Thank you for pointed out the directories, especially for local usage. I would love to hear your thoughts on where and when they are a value. I’m sure our readers would too. =)
Jay Torrence says
Thanks for your reply, Rebecca. We add our local clients to only the most trusted directory sites around like Yelp, Superpages, and MapQuest. And, we’ve had outstanding results. We even added one of our national accounts to directory sites and they are now appearing on the first page of Google (organically) for a very competitive search term. Here is a link to MOZ that will shed some light on the importance of NAP consistency: http://moz.com/blog/top-20-local-search-ranking-factors-an-illustrated-guide.
Rebecca Gill says
Thanks for circling back and providing more value to our readers. Greatly appreciated!

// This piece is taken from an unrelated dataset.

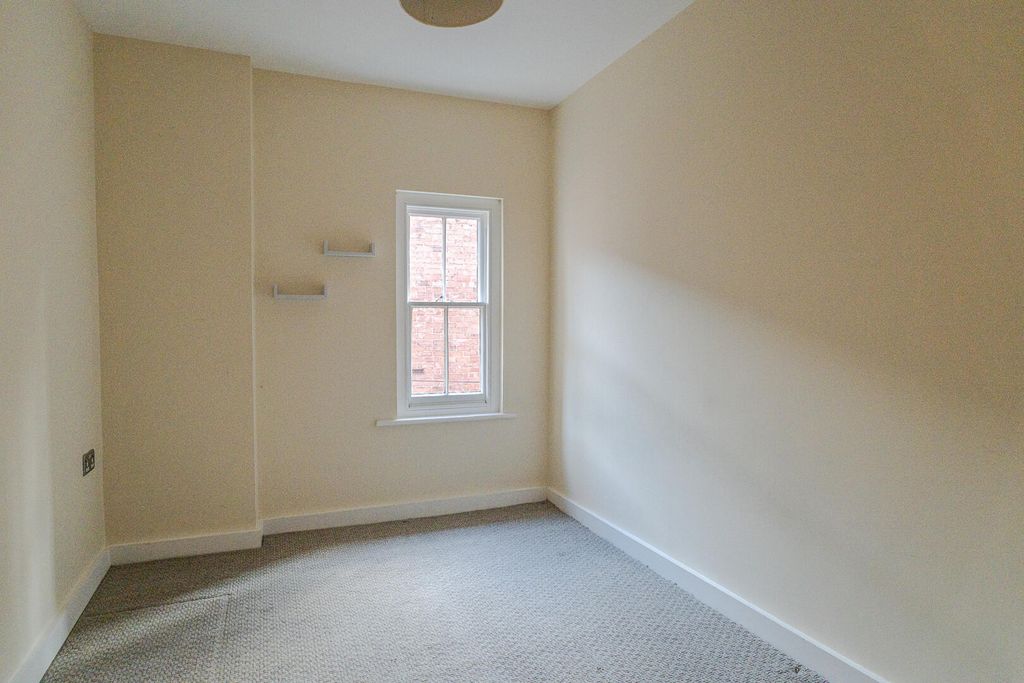Additional image 5 of 1 bed property for salePark Terrace, Llandrindod Wells LD1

Thank you for your list of “will nots” for 2014. With the exception (sometimes, but not often) of guest posts, those things annoy me. I now feel validated. The only reason I say “exception” is I’ve done a few guest posts but they were for writers with very, very specific topics I was asked to give my perspective on. But I don’t care for guest posts that are just meant as more filler to get something posted.
Rebecca Gill says
You nailed it. Guest posting for filler or links, with little regard for audience or substance is pointless. Guest posting to get on say Search Engine Land to drive branding is amazing. Or in your case, a very focused audience on a very focused topic.
The problem I see is guest posting started as a great option for branding and exposure. SEO consultants derailed it by using it for link building and using crappy content in the process. As soon as I saw that later occurring, I swore off guest posting as a way to protect us.
If every SEO consultant and his brother jumps on anything, you know Google and Bing will have to address the issue thus I run from it.